### The task
In the material below, the required lines run from the one containing "2LMPJ8LP0GBL46500 2016 Lincoln Mkx Reserve" through the one containing "Fußballtrikot Real Madrid". Copy those lines exactly, ends included, and nothing else.

### Recorded data
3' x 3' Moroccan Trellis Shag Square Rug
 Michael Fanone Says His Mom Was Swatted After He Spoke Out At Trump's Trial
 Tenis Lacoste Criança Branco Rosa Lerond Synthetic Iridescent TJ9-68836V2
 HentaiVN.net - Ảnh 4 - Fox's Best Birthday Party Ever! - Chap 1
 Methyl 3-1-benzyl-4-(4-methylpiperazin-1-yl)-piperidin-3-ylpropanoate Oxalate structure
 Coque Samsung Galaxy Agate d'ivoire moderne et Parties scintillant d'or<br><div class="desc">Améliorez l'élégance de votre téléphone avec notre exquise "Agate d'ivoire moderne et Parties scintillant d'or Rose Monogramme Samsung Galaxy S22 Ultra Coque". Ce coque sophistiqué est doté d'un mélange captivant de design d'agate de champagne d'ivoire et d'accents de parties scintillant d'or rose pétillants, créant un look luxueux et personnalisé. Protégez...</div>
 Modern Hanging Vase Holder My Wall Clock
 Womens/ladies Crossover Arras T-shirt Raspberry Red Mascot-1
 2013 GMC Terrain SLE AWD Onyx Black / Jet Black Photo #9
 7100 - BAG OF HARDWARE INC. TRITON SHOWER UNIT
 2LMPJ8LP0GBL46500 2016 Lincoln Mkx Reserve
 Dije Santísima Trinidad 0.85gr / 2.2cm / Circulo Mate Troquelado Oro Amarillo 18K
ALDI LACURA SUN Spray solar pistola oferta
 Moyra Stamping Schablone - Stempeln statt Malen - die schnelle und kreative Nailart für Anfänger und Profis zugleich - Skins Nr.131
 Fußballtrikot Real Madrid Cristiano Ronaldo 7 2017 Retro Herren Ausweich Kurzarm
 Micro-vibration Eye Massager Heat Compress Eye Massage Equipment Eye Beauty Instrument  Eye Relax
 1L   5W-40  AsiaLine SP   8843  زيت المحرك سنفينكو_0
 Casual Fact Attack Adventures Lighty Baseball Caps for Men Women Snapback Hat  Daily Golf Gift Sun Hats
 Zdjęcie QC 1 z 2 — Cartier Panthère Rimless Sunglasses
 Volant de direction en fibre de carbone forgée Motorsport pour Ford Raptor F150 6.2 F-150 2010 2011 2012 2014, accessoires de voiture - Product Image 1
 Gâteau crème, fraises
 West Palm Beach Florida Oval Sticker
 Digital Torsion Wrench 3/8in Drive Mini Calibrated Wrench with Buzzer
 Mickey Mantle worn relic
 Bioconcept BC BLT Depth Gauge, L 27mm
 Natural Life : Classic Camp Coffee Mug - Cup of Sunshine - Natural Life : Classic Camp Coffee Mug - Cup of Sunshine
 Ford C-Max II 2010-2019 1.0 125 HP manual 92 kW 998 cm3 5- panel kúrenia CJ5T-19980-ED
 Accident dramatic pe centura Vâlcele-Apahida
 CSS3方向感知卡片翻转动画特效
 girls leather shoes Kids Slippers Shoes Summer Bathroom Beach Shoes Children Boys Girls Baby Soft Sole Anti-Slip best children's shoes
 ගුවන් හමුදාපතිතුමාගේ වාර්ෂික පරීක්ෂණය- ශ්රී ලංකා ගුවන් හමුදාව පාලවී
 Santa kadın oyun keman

### Response for this exercise
 2LMPJ8LP0GBL46500 2016 Lincoln Mkx Reserve
 Dije Santísima Trinidad 0.85gr / 2.2cm / Circulo Mate Troquelado Oro Amarillo 18K
ALDI LACURA SUN Spray solar pistola oferta
 Moyra Stamping Schablone - Stempeln statt Malen - die schnelle und kreative Nailart für Anfänger und Profis zugleich - Skins Nr.131
 Fußballtrikot Real Madrid Cristiano Ronaldo 7 2017 Retro Herren Ausweich Kurzarm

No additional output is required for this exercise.